Global firm acts on AU$300 million Aussie real estate deals
Teams from Herbert Smith Freehills in Melbourne and Brisbane have been involved in two concurrent deals involving AU$300 million worth of Australian real estate assets.
The firm acted for M&G Real Estate Asia in both deals, which saw the sale of one property and the acquisition of another. The other party in both deals was AFIAA Foundation for Real Estate Investments.
The team from Melbourne acted for M&G on the sale of QBE House in the city for more than $180 million and was led by partner David Sinn assisted by senior associate Niresha Mudalige.
Meanwhile, the Brisbane team acted for M&G on its acquisition of HQ South Tower in Fortitude Valley for almost $120 million. This deal was led by Brisbane partner Michael Back with the assistance of senior associate Lisa Di Marco.
“This deal of QBE House, along with the acquisition of HQ South Tower in Brisbane, shows that the commercial property market in Australian capital cities continues to strengthen,” commented David Sinn.

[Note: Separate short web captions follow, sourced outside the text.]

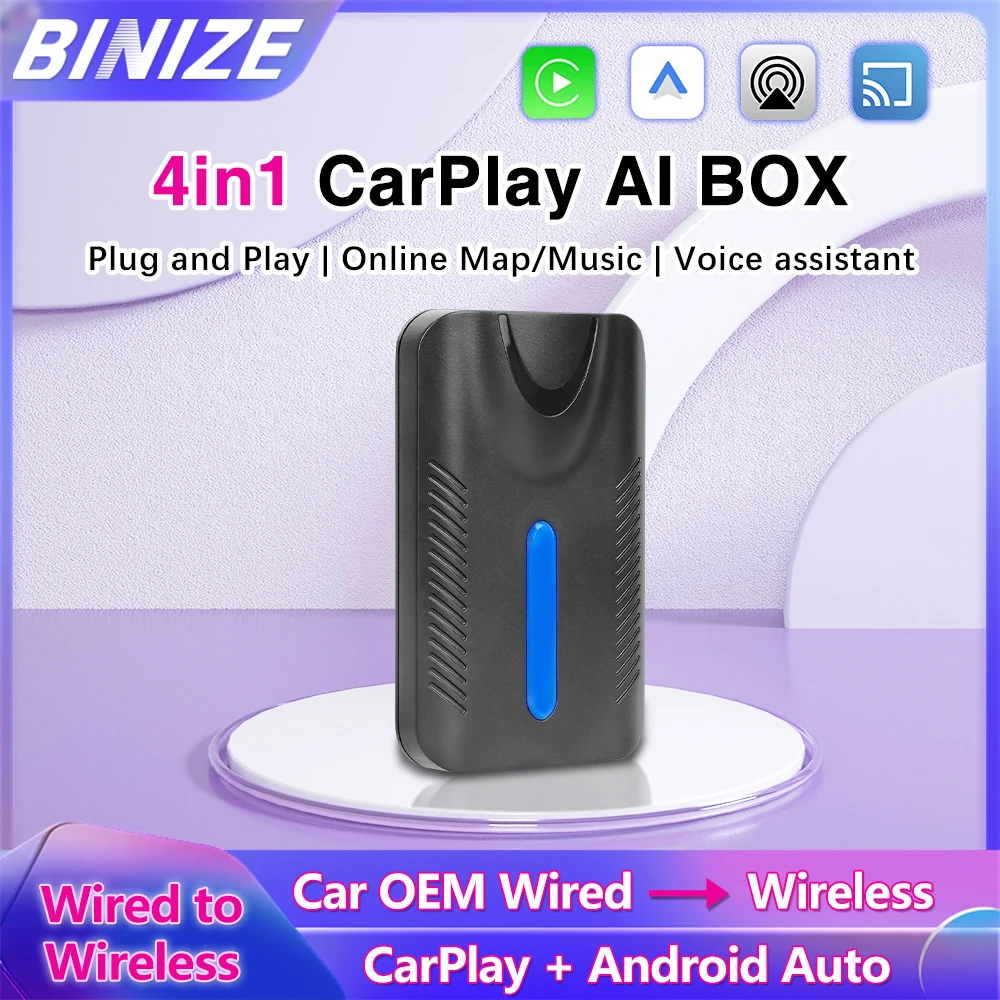 Binize Беспроводной адаптер Carplay Android Auto Проводной к беспроводному WIFI Bluetooth Plug &amp Play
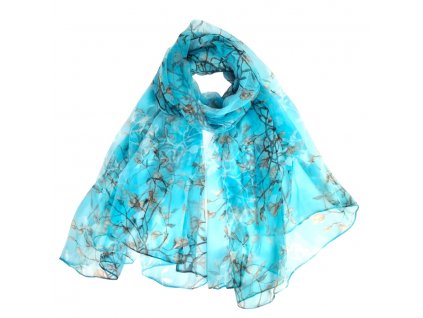 Hedvabna luxusni elegantni i slavnostni tyrkysova modra sala pled stola na saty pres ramena darek pro zenu Tina moda 7700111 (1)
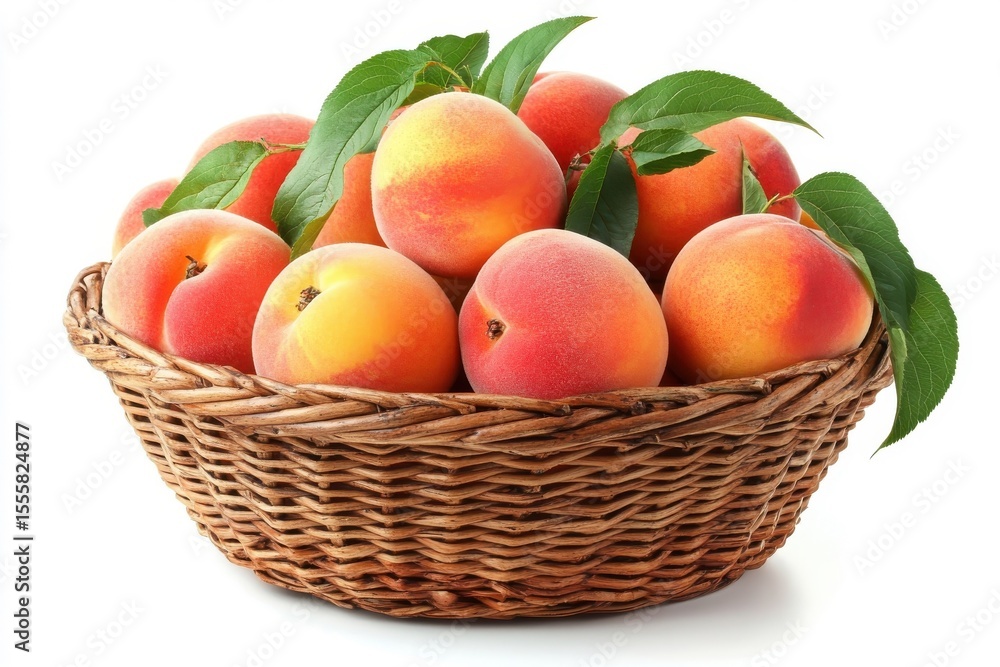 Basket of peaches isolated on a white background. Basket of peaches isolated on a white background.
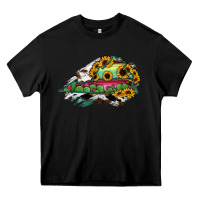 Black Virginia State Map Heavy Core Tee - RanaPortraitStore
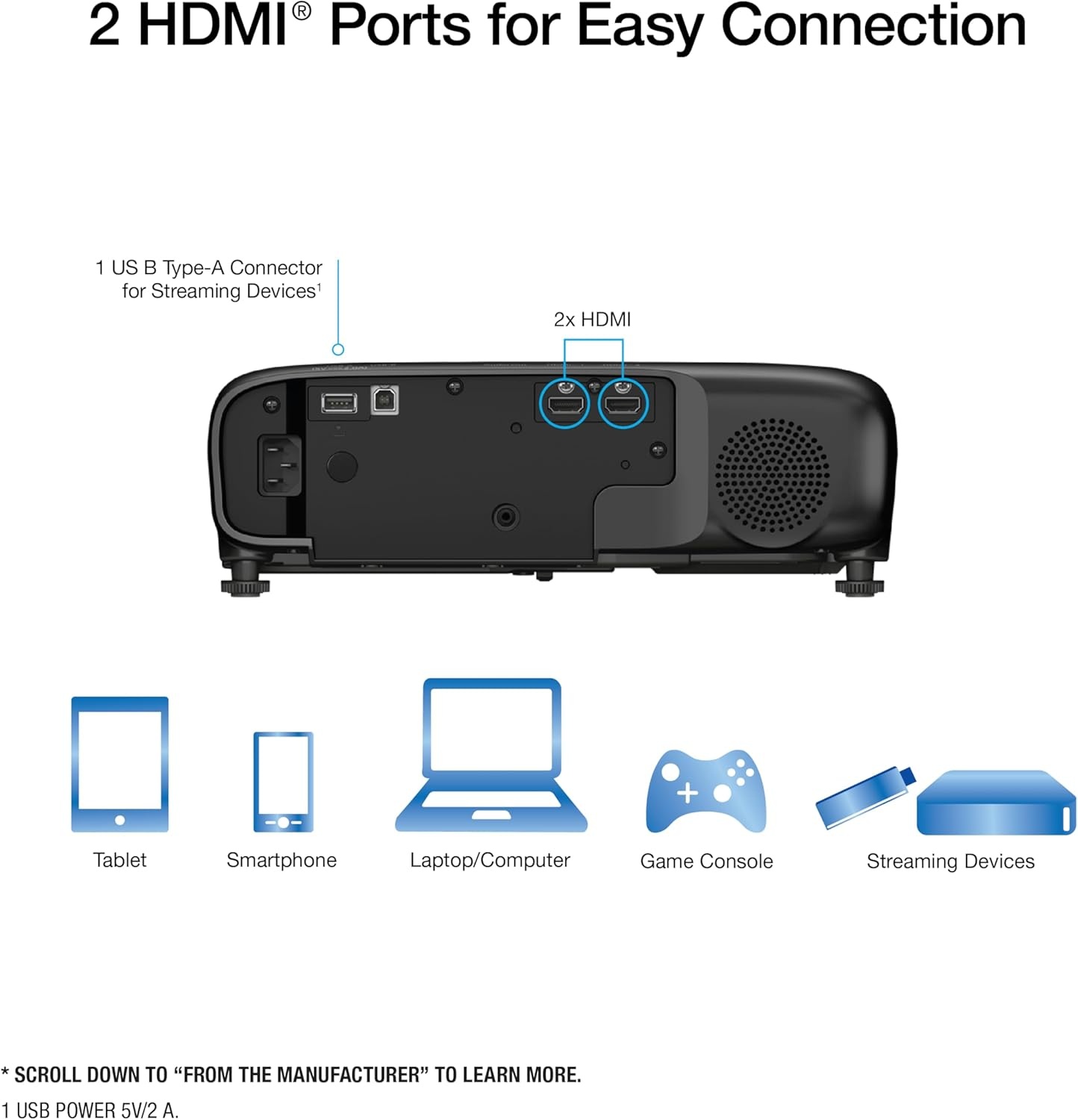 image:imageEpson Pro EX9270 Wireless 1080p 3LCD Projector 4100 Lumens Color and White Brightness Apple AirPlay Miracast Stream from Phone or Laptop 2 HDMI Ports 16x Optical Zoom BuiltIn SpeakerNew Model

NRF strikes gold with Macquarie project financing deal
Norton Rose Fulbright has advised Macquarie Bank on a project financing to Perseus Mining Côte d'Ivoire, a subsidiary of Perseus Mining Limited.
In what is believed to be a first ever project financing of a gold mining project in Côte d'Ivoire, and the first ever under the current Ivorian mining laws. The $40 million project loan facility will be used for development and operating costs of the Sissingué gold project.

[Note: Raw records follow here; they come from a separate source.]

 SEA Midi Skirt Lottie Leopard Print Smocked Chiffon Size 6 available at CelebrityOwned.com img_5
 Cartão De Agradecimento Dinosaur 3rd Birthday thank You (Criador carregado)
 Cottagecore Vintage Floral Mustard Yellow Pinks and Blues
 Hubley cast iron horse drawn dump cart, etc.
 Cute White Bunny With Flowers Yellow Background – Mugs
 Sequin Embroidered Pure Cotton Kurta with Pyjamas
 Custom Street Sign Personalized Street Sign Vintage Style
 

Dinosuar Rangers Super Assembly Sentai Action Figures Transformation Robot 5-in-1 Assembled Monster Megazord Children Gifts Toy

Norton Rose Fulbright’s team was led by Perth partner Alen Pazin.
"This transaction is the first project financing in Côte d'Ivoire to involve taking security under its current mining laws. Navigating through the West African Central Bank monetary regulations was also a critical piece of structuring this deal, and we are proud to be one of very few firms with regulatory and structuring expertise of this sort in Francophone Africa,” said Pazin.
Lawyers claim victory for Facebook shareholders
Facebook has dropped a plan which would have allowed its founder and chief executive to retain power even as he sells blocks of his shareholding.

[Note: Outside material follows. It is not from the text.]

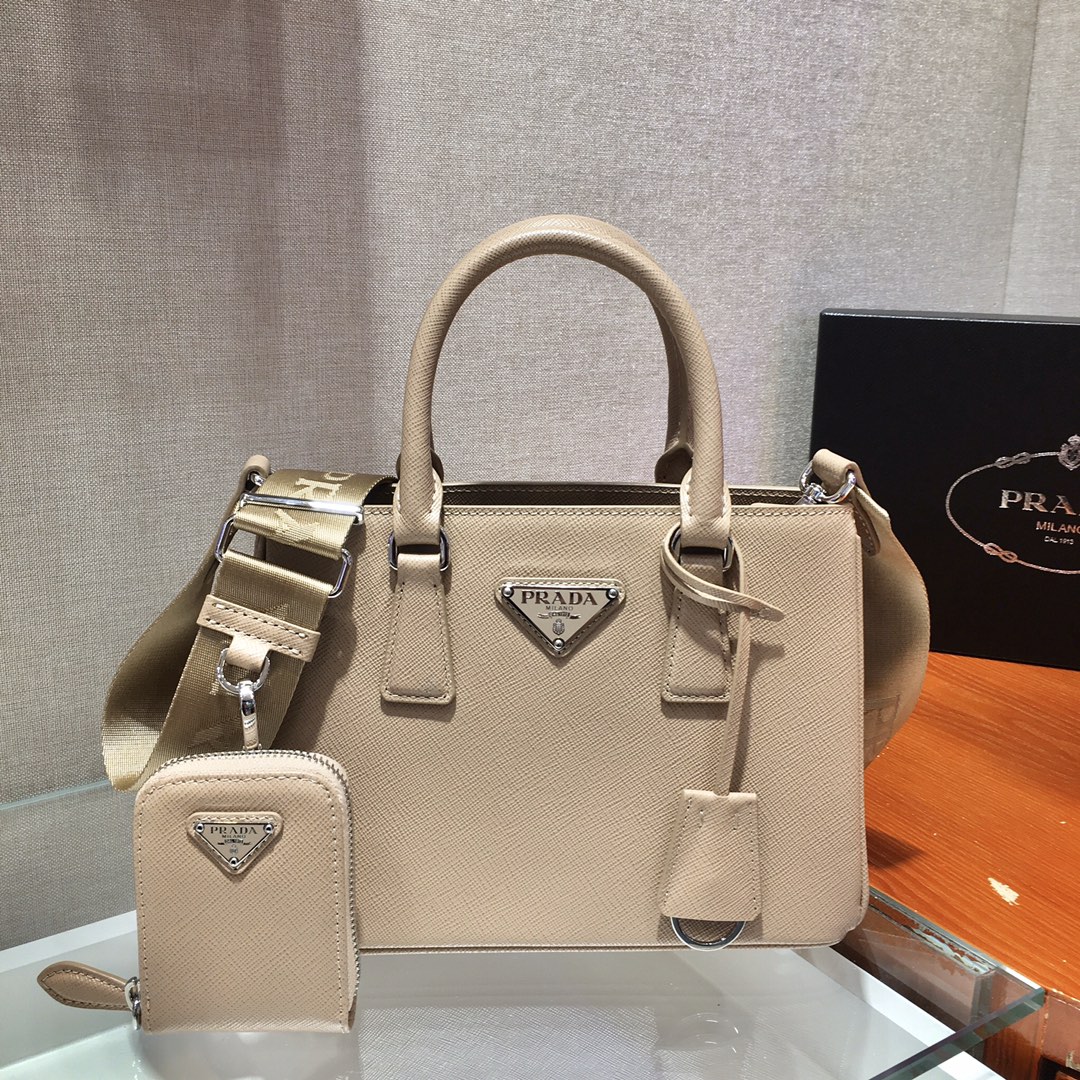 Pra*a mini galleria saffiano leather bag cameo beige 1ba296 23 x 16.5 x 10 cm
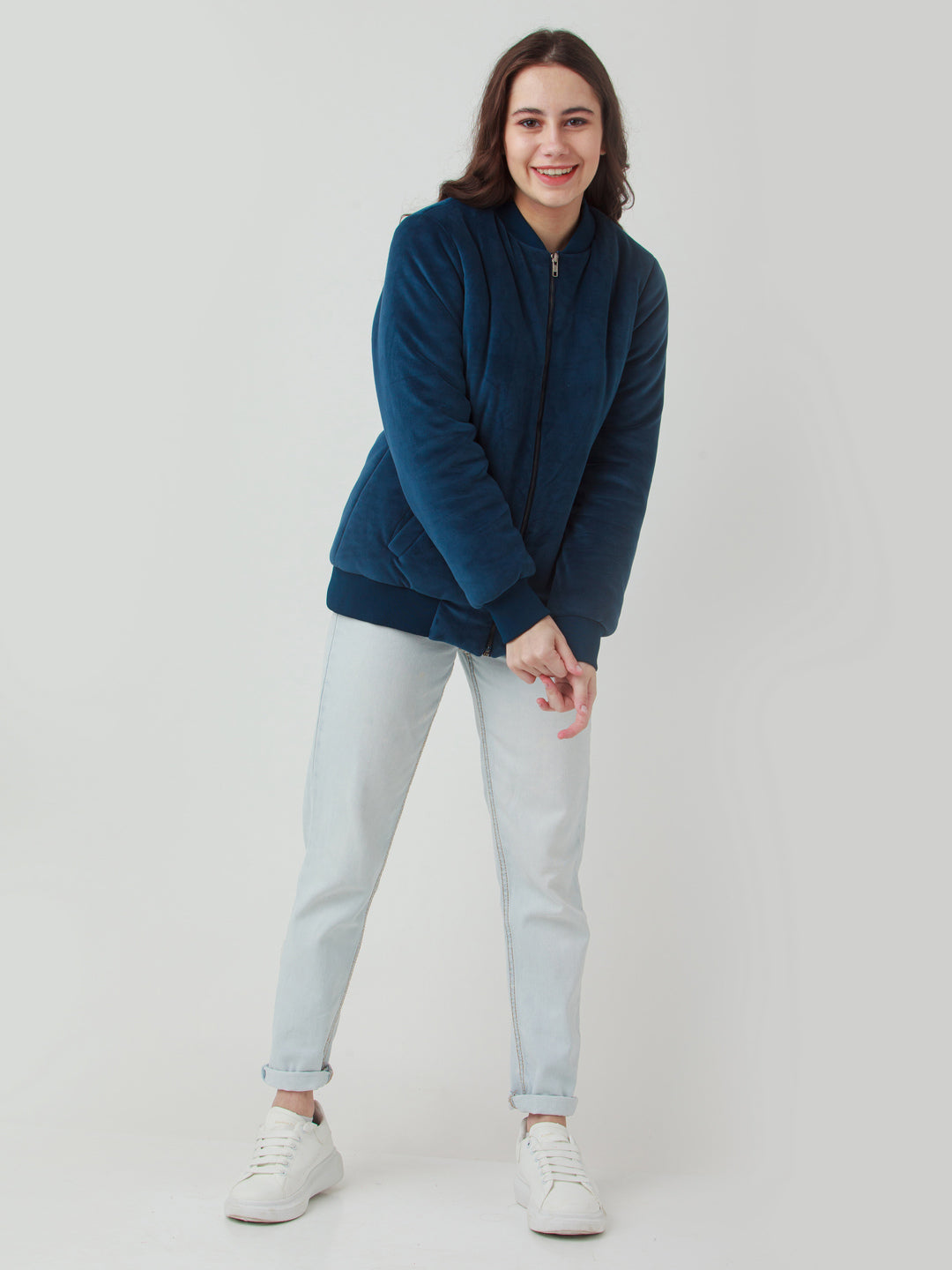 Navy Blue Solid Bomber Jacket For Women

Mark Zuckerberg has pledged to give away all of his wealth during his lifetime and the company was proposing to issue a new non-voting stock class that would have meant him retaining his voting majority even as he sold other stock.
A class action due to start today (26th September) claimed that Zuckerberg would be given an unfair economic advantage if the issue went ahead, it further challenged how the deal was negotiated.
"We're thrilled that Facebook has dropped the reclassification," said attorney Stuart Grant of Grant & Eisenhofer, representing several institutional investors. "Stopping the issuance of the non-voting C shares is all the relief we were asking for at trial. Today's move is a total victory for stockholders."